YOUR INSTRUCTIONS -> Send back the records exactly as written, with no images.

-- TASK MATERIAL follows --

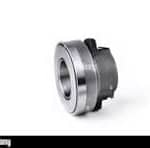 Release Bearing
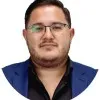 Juan Sebastian Uribe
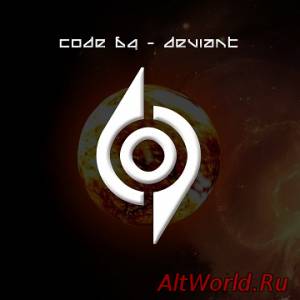 Скачать Code 64  - Deviant (EP) (2011)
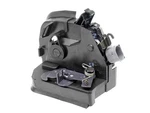 Bmw Door Lock Mechanism 2000-2006 51228402602--GEN. Fixed Price $221.05.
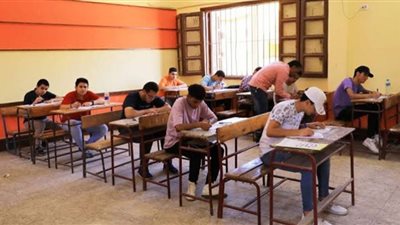 مراجعة نماذج إجابة امتحانات الثانوية العامة 2023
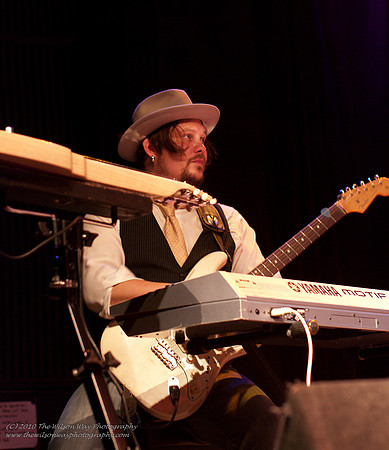 LeonRussell  (23 of 99)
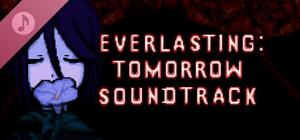 Everlasting: Tomorrow Soundtrack banner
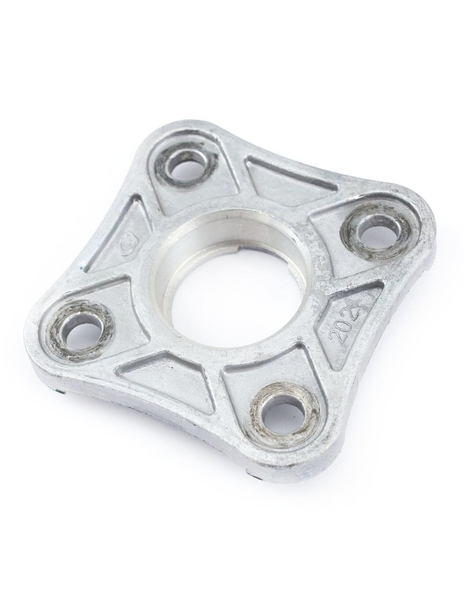 Płyta dociskająca sprzęgło pitbike Z155 MRF 160 SM-R Kayo 160 TT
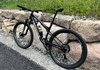 Specialized Epic 9 Expert 2026 Mountainbike säljes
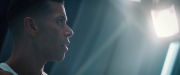 Filename=extant_StarTrekDiscovery_2x06-TheSoundsOfThunder_01801.jpg
Filesize=94KiB
Dimensions=1920x800
Date added=Dec 08, 2019 extant_StarTrekDiscovery_2x06-TheSoundsOfThunder_01801.jpg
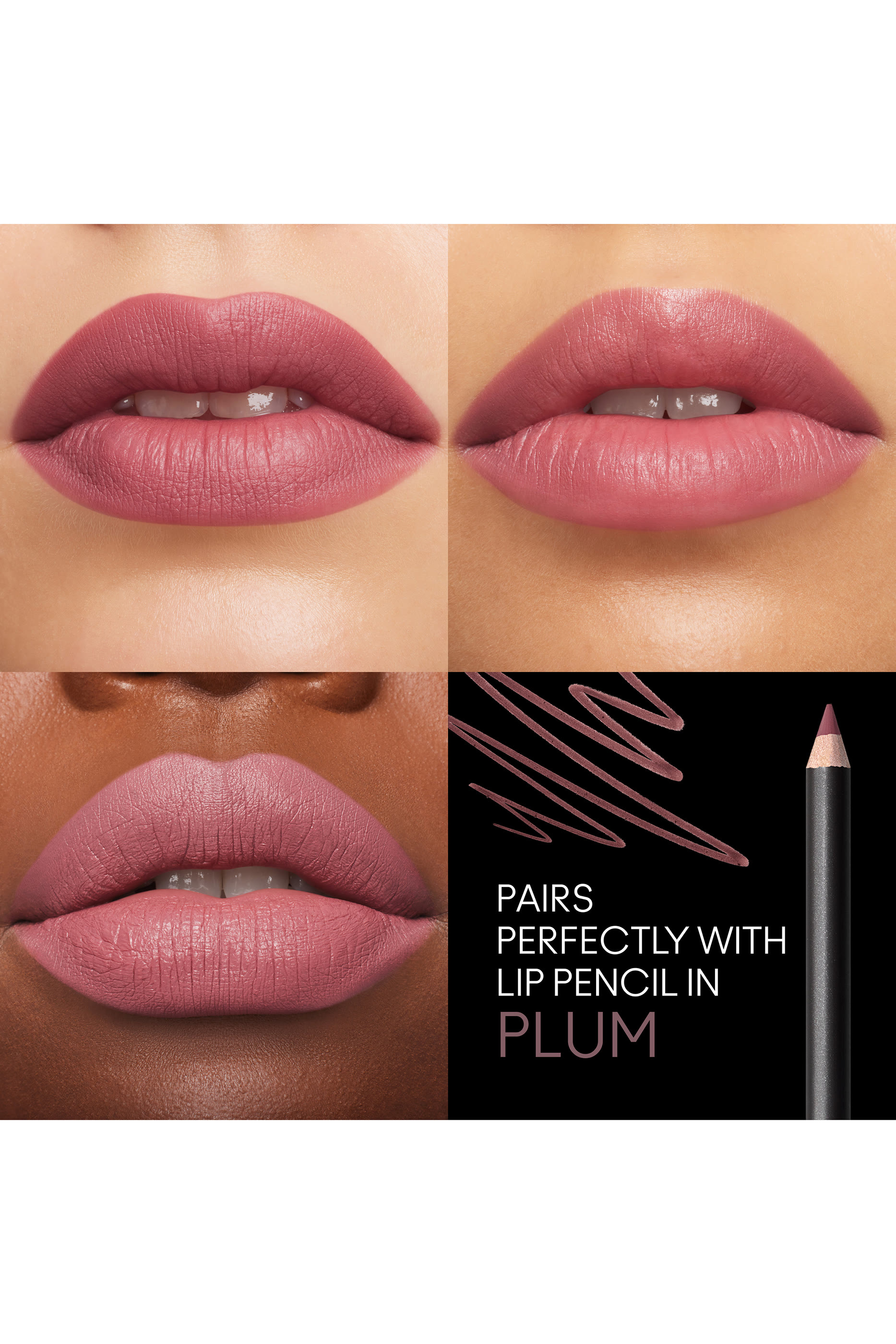 M&middot;A&middot;CXimal Silky Matte Lipstick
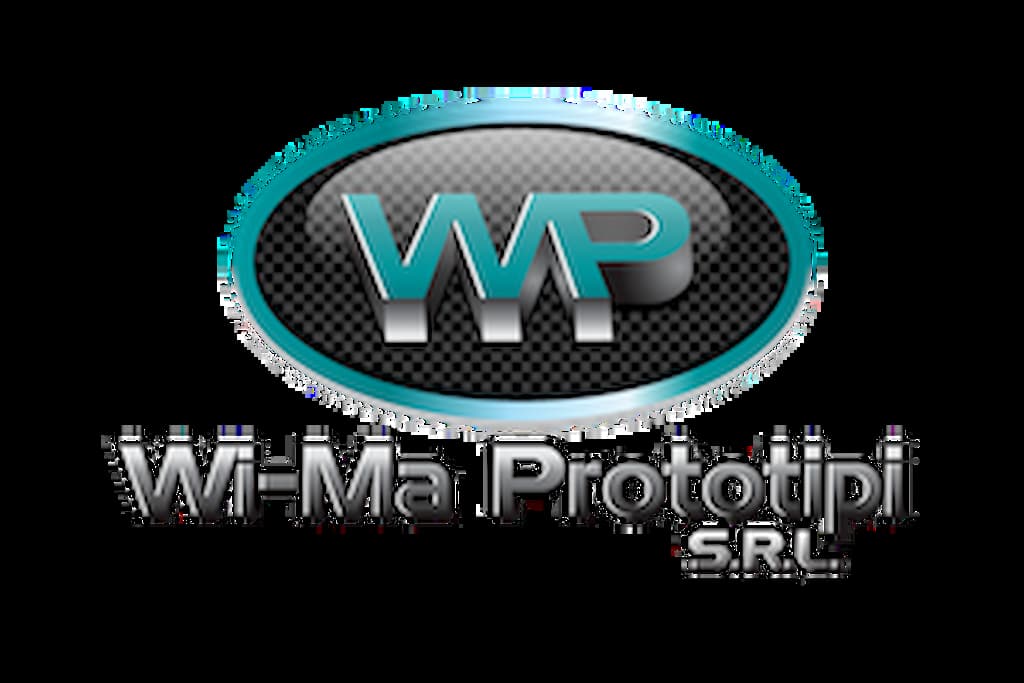 Wi-Ma Prototipi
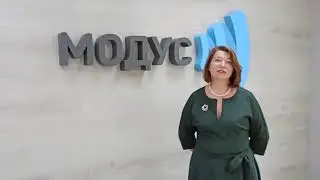 Итоги юбилейного конкурса «Мой двор-моя улица 2020»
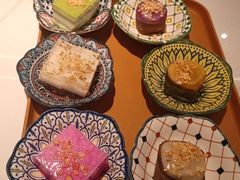 -沿江海南菜·文昌鸡祖师爷(大东海店)
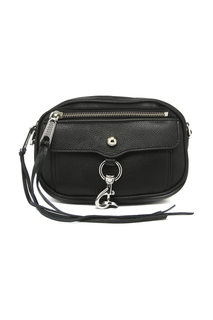 Сумка Rebecca Minkoff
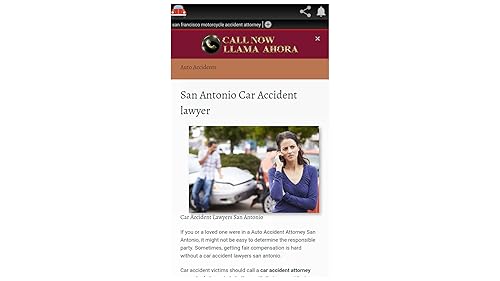 Insurance Lawyers & Attorney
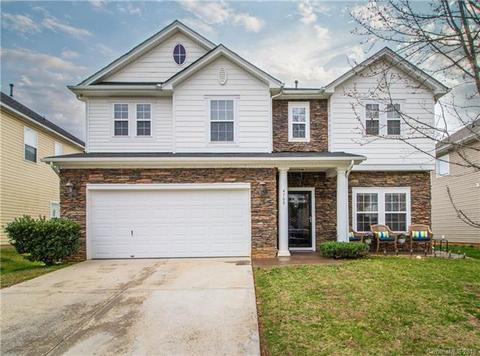 4709 Kiddle Ln, Monroe, NC 28110 photo 26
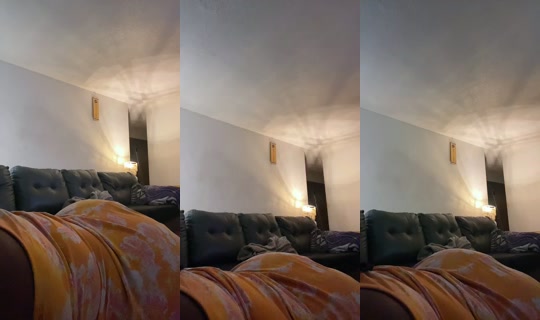 1142222813 Bigo Live — Oct 25, 2026, 3:40 PM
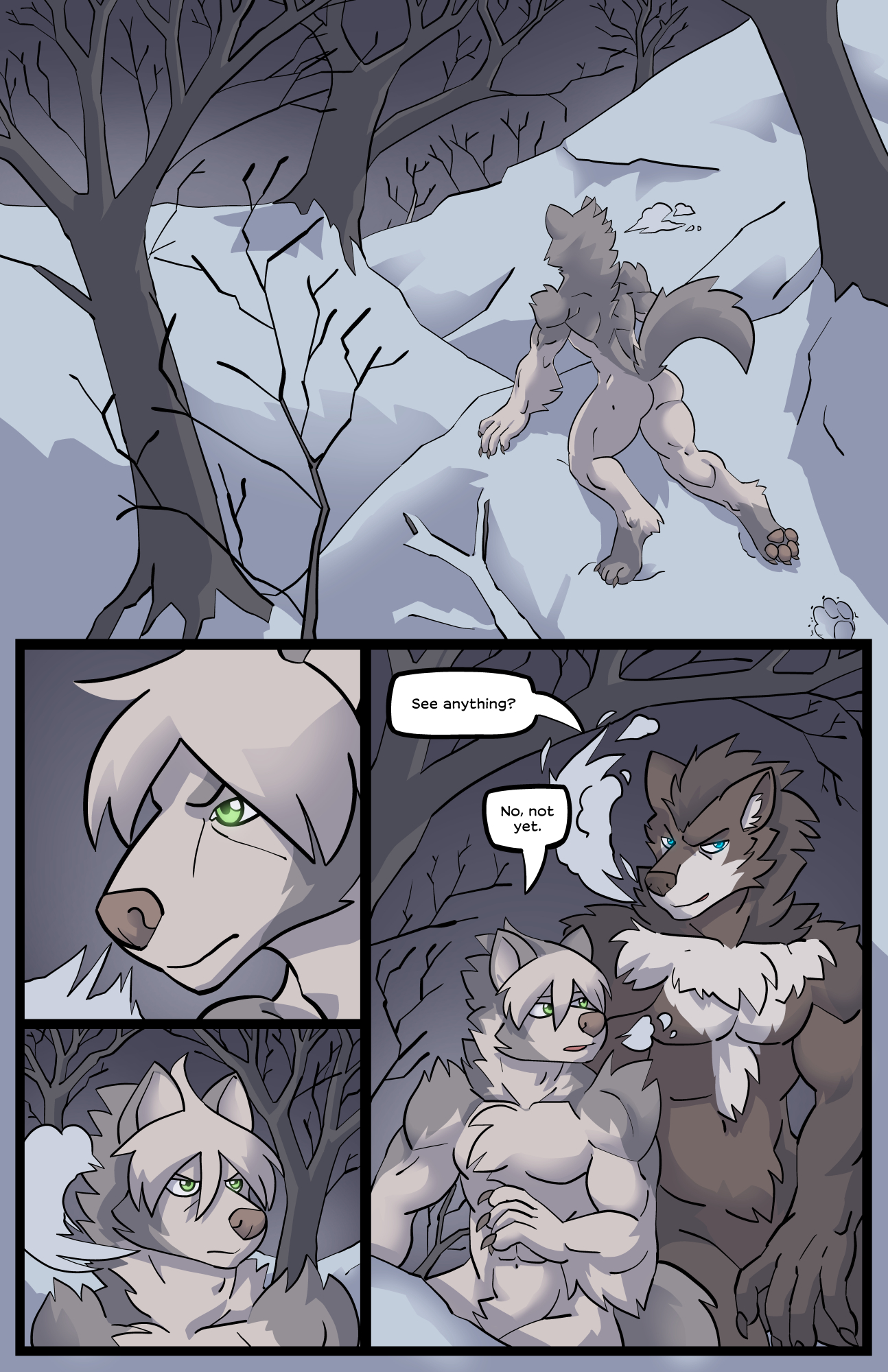 Page 133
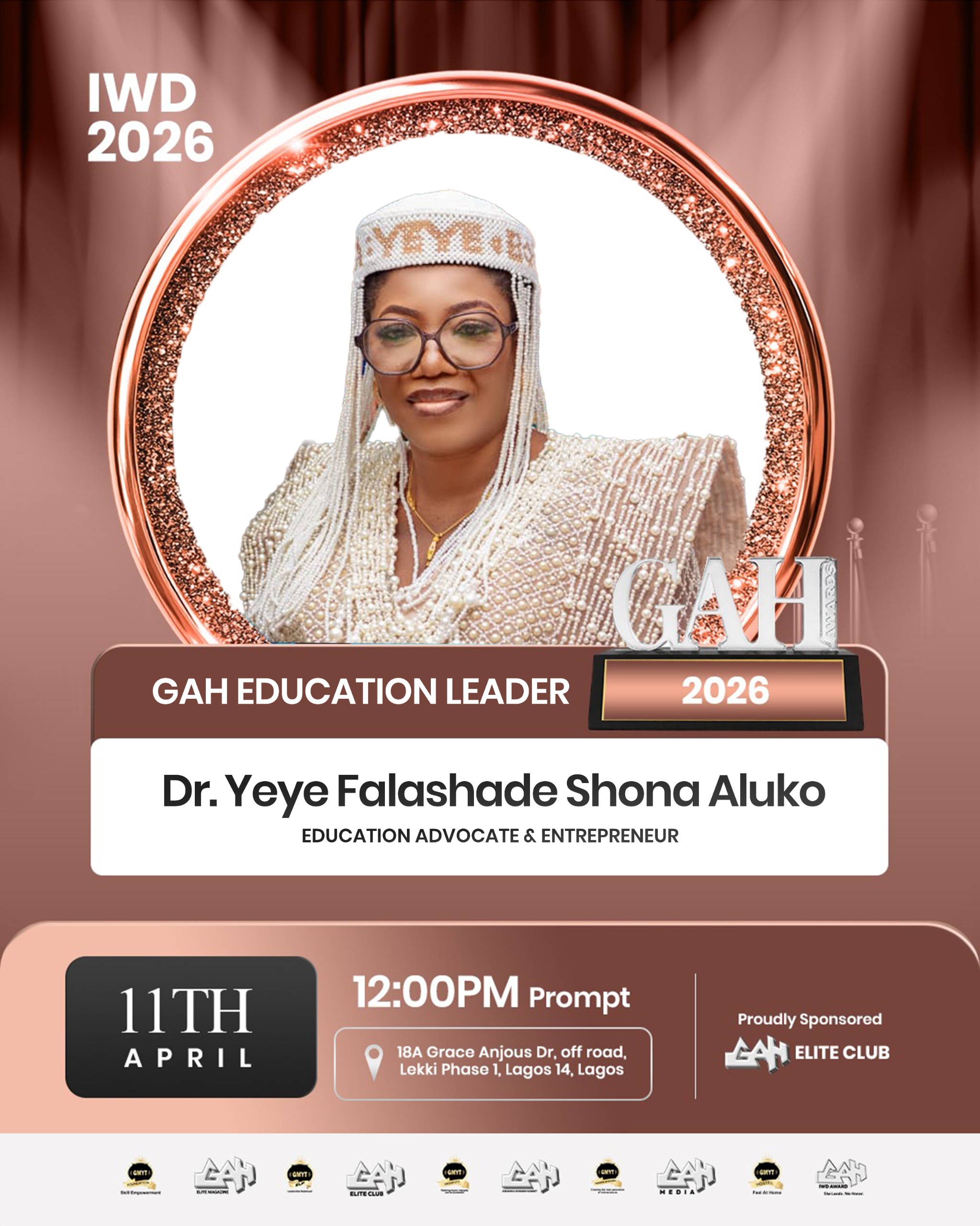 WhatsApp Image 2026-04-09 at 13.05.25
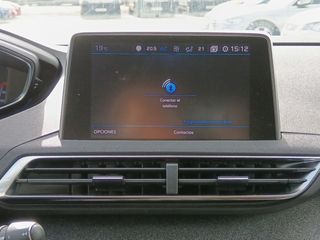 Peugeot 5008 Allure Business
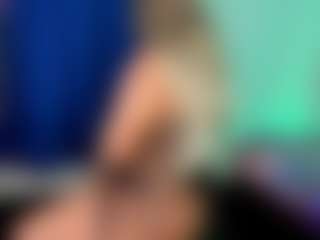 Live cam show with colombian-squirt - Nipple Piercings on Camsoda
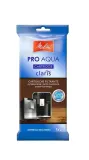 filtr-wody-do-ekspresow-melitta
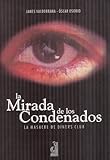 Imagen de portada de Amazon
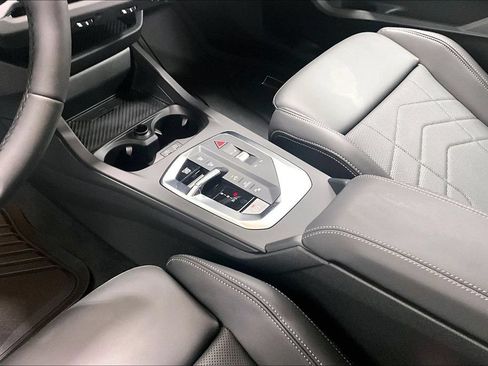 New 2026 BMW 228i xDrive w/ Technology Package AWD/4WD image 20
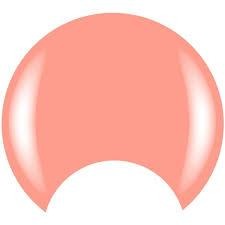 Color Club - 1002 East Austin (Duo) (Limited)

-- TASK MATERIAL concluded --

FINISHED TASK ->
 Release Bearing
 Juan Sebastian Uribe
 Скачать Code 64  - Deviant (EP) (2011)
 Bmw Door Lock Mechanism 2000-2006 51228402602--GEN. Fixed Price $221.05.
 مراجعة نماذج إجابة امتحانات الثانوية العامة 2023
 LeonRussell  (23 of 99)
 Everlasting: Tomorrow Soundtrack banner
 Płyta dociskająca sprzęgło pitbike Z155 MRF 160 SM-R Kayo 160 TT
 Specialized Epic 9 Expert 2026 Mountainbike säljes
 Filename=extant_StarTrekDiscovery_2x06-TheSoundsOfThunder_01801.jpg
Filesize=94KiB
Dimensions=1920x800
Date added=Dec 08, 2019 extant_StarTrekDiscovery_2x06-TheSoundsOfThunder_01801.jpg
 M&middot;A&middot;CXimal Silky Matte Lipstick
 Wi-Ma Prototipi
 Итоги юбилейного конкурса «Мой двор-моя улица 2020»
 -沿江海南菜·文昌鸡祖师爷(大东海店)
 Сумка Rebecca Minkoff
 Insurance Lawyers & Attorney
 4709 Kiddle Ln, Monroe, NC 28110 photo 26
 1142222813 Bigo Live — Oct 25, 2026, 3:40 PM
 Page 133
 WhatsApp Image 2026-04-09 at 13.05.25
 Peugeot 5008 Allure Business
 Live cam show with colombian-squirt - Nipple Piercings on Camsoda
 filtr-wody-do-ekspresow-melitta
 Imagen de portada de Amazon
 New 2026 BMW 228i xDrive w/ Technology Package AWD/4WD image 20
 Color Club - 1002 East Austin (Duo) (Limited)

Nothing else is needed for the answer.